━━━━━ Input data

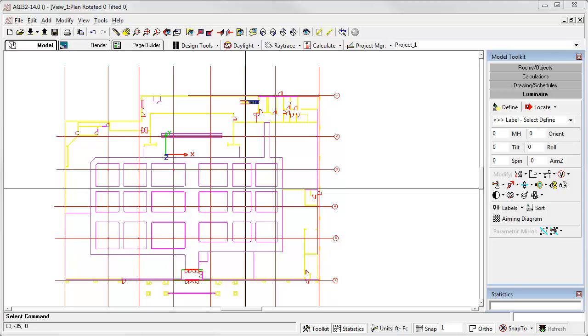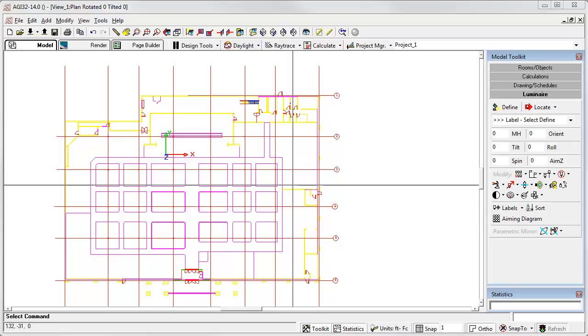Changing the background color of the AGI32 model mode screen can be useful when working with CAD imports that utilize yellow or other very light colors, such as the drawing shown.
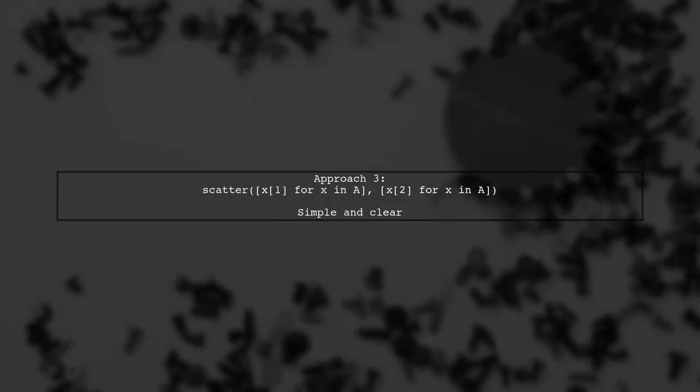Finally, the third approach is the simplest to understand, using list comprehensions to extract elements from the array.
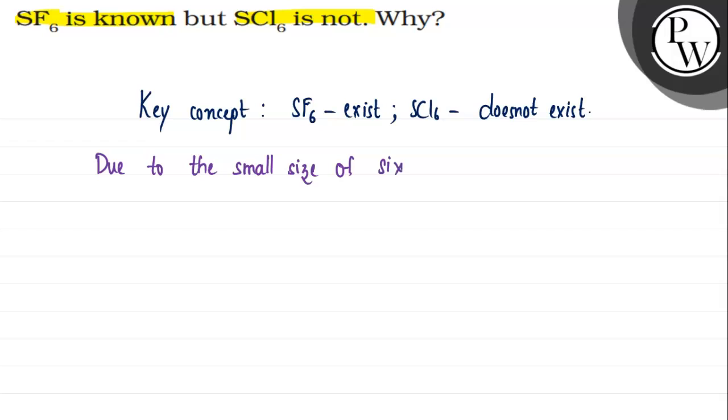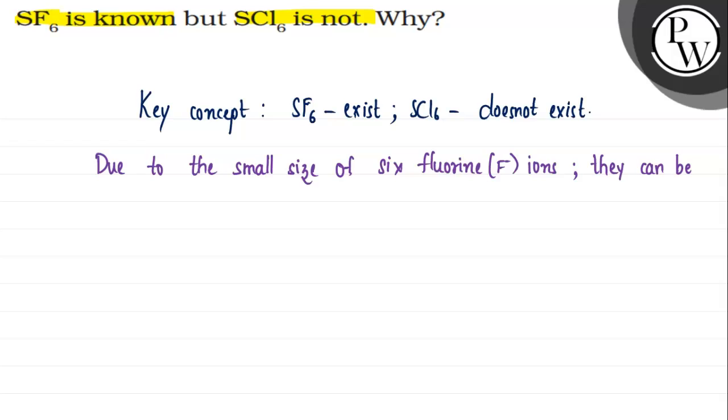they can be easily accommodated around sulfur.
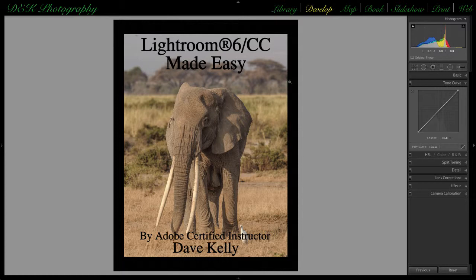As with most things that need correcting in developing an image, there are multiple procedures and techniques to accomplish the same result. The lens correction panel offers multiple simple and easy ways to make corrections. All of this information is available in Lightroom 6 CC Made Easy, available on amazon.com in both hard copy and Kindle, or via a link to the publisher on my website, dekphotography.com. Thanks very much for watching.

━━━━━━━━━━

▶ _What this task involves_
The line containing "they can be" marks the end; please output exactly the lines of the listing above from its first line through that line, without pictures.

▶ _Response box_
Changing the background color of the AGI32 model mode screen can be useful when working with CAD imports that utilize yellow or other very light colors, such as the drawing shown.
Finally, the third approach is the simplest to understand, using list comprehensions to extract elements from the array.
they can be easily accommodated around sulfur.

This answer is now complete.